Crawled caption data:
────

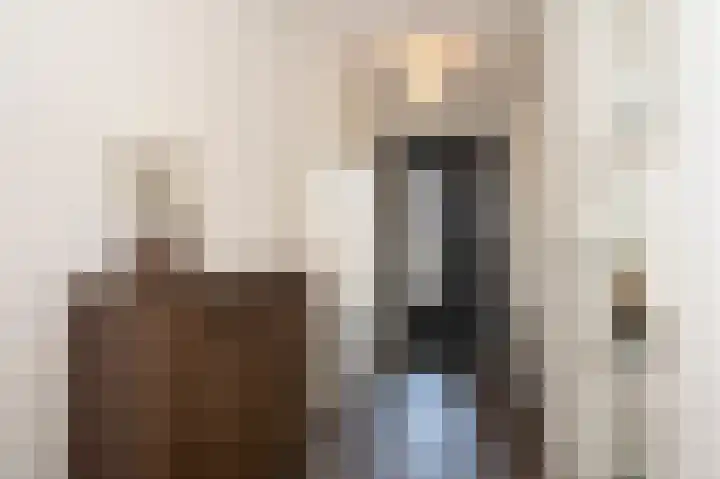 Minerva 21 Born thumbnail 6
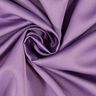 Microfibre Satin – pastel violet,  thumbnail number 2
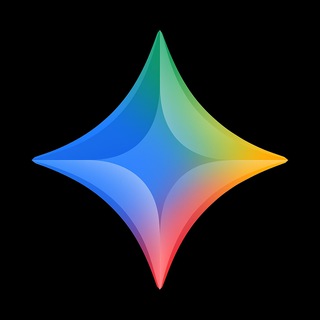 Telegram profile photo for BUKU DIGITAL INDONESIA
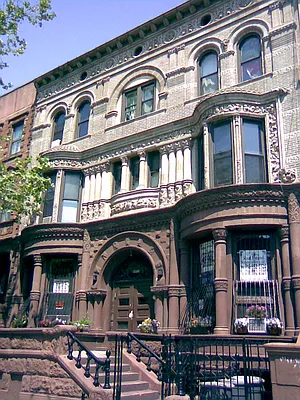 Sold by Brian Byfield, LREB | media 8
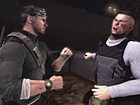 V�deo Splinter Cell Conviction: Exclusivo 05: Utilizando el entorno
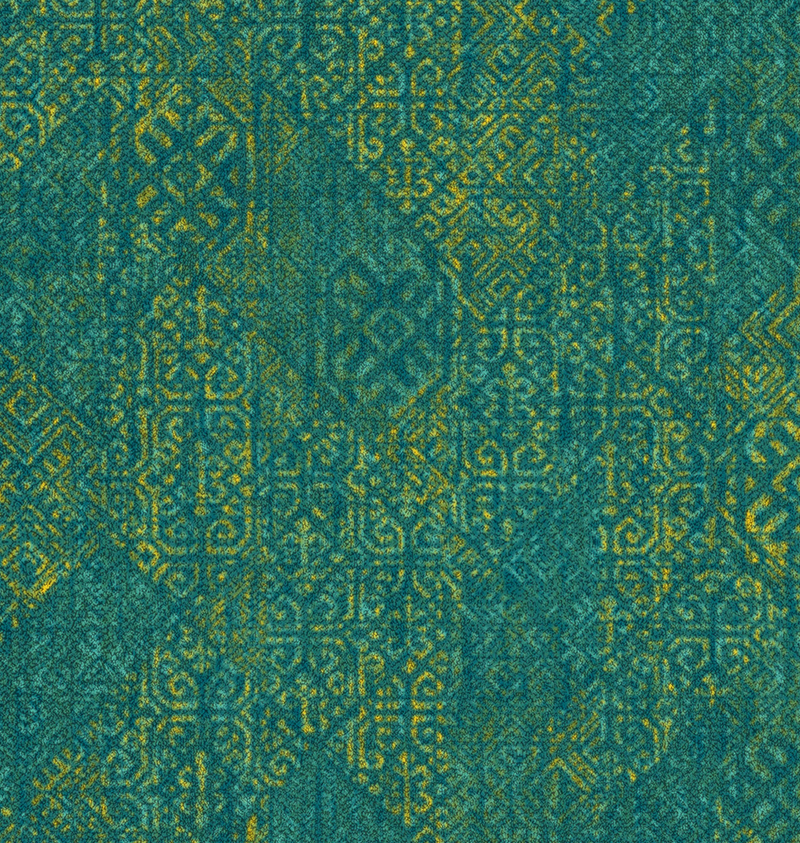 carpet-tiles-aadhya-rekhayein-glowfern-3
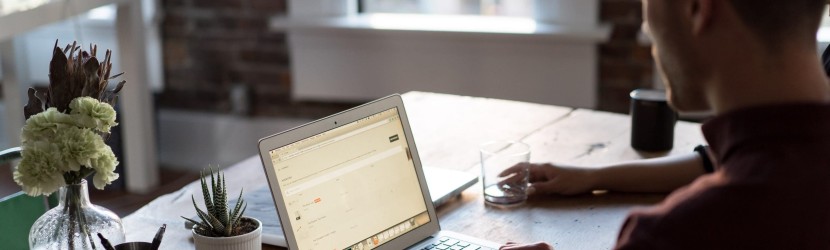 Tap Into a World of Opportunity with Online Marketing Solutions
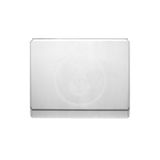 Ravak Vaňové panely - Bočný panel k vani Sonata, Campanula II 80, biely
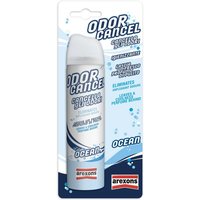 Lgvshopping - odor cancel ocean blister new 75 ml von LGVSHOPPING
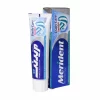 خمیر دندان سفید کننده مریدنت (Merident Whitening Toothpaste) - تصویر 2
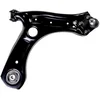 Image de Febi bilstein 36926 Bras de liaison, suspension de roue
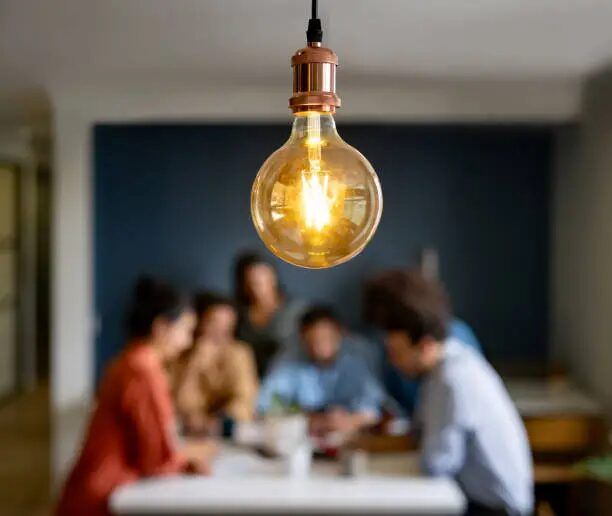 Strategi Branding Murah Startup Yang Tampilkan Citra Bisnis Yang Elegan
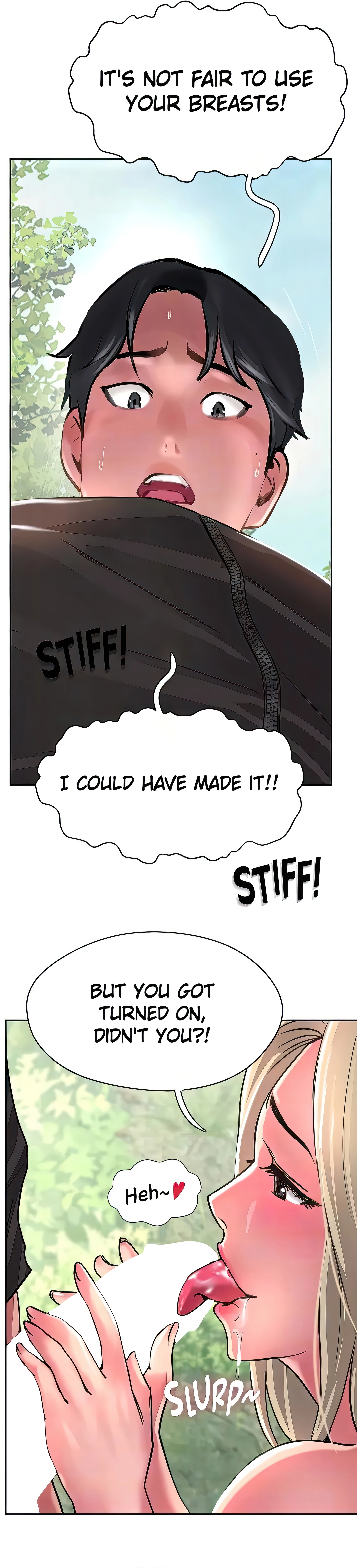 Chapter 35, page 30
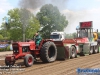 20150517trekkertrekzundert225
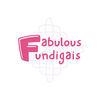 Fabulous Fundigais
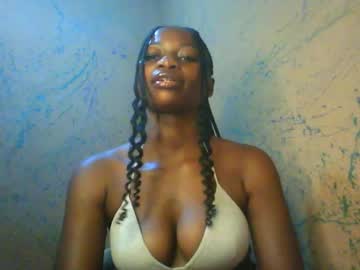 juicypiexx — 2025-10-29 00:30 juicypiexx — 2025-10-29 00:30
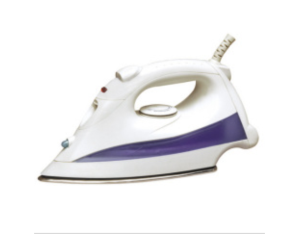 Import Steam Iron from chinese wholesale supplier and manufacturer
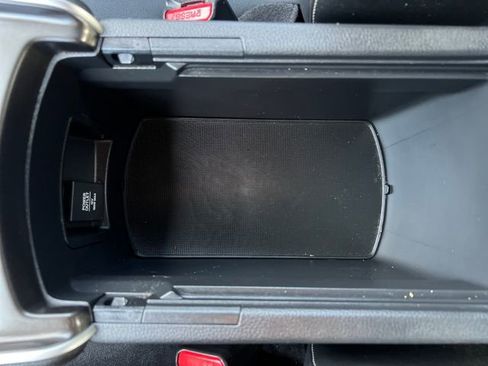 Used 2019 Honda Accord Sport image 25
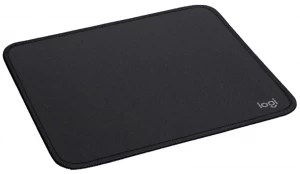 Коврик Logitech Studio Series thumbnav 3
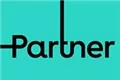 פרטנר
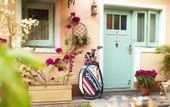 Туры в отель Karma Chalets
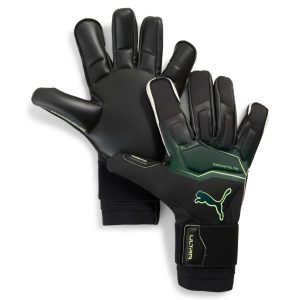 puma_ultra_ultimate_hybrid_black_green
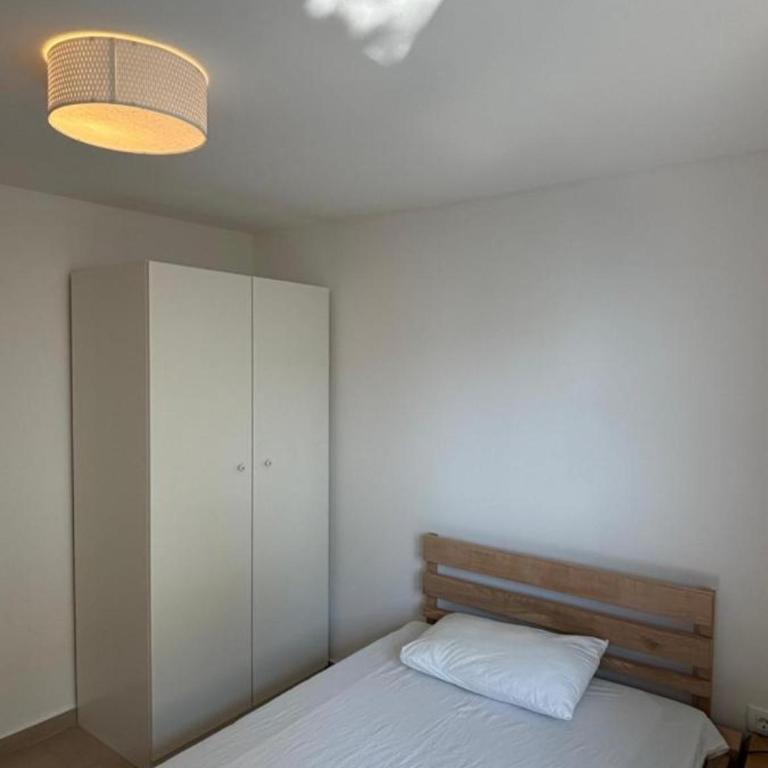 B&K Villa Kruče Rooms - Dvokrevetna Soba sa Bračnim Krevetom i Sopstvenim Kupatilom - 25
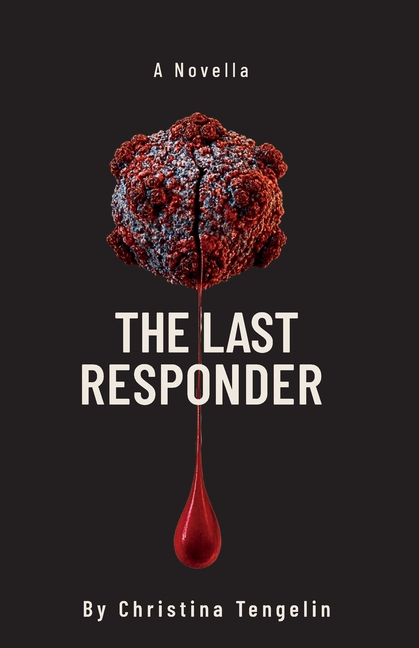 The Last Responder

────

#### WORK ORDER
Write out every record exactly. Leave the pictures out.

#### COMPLETED EXERCISE
 Minerva 21 Born thumbnail 6
 Microfibre Satin – pastel violet,  thumbnail number 2
 Telegram profile photo for BUKU DIGITAL INDONESIA
 Sold by Brian Byfield, LREB | media 8
 V�deo Splinter Cell Conviction: Exclusivo 05: Utilizando el entorno
 carpet-tiles-aadhya-rekhayein-glowfern-3
 Tap Into a World of Opportunity with Online Marketing Solutions
 Ravak Vaňové panely - Bočný panel k vani Sonata, Campanula II 80, biely
 Lgvshopping - odor cancel ocean blister new 75 ml von LGVSHOPPING
 خمیر دندان سفید کننده مریدنت (Merident Whitening Toothpaste) - تصویر 2
 Image de Febi bilstein 36926 Bras de liaison, suspension de roue
 Strategi Branding Murah Startup Yang Tampilkan Citra Bisnis Yang Elegan
 Chapter 35, page 30
 20150517trekkertrekzundert225
 Fabulous Fundigais
 juicypiexx — 2025-10-29 00:30 juicypiexx — 2025-10-29 00:30
 Import Steam Iron from chinese wholesale supplier and manufacturer
 Used 2019 Honda Accord Sport image 25
 Коврик Logitech Studio Series thumbnav 3
 פרטנר
 Туры в отель Karma Chalets
 puma_ultra_ultimate_hybrid_black_green
 B&K Villa Kruče Rooms - Dvokrevetna Soba sa Bračnim Krevetom i Sopstvenim Kupatilom - 25
 The Last Responder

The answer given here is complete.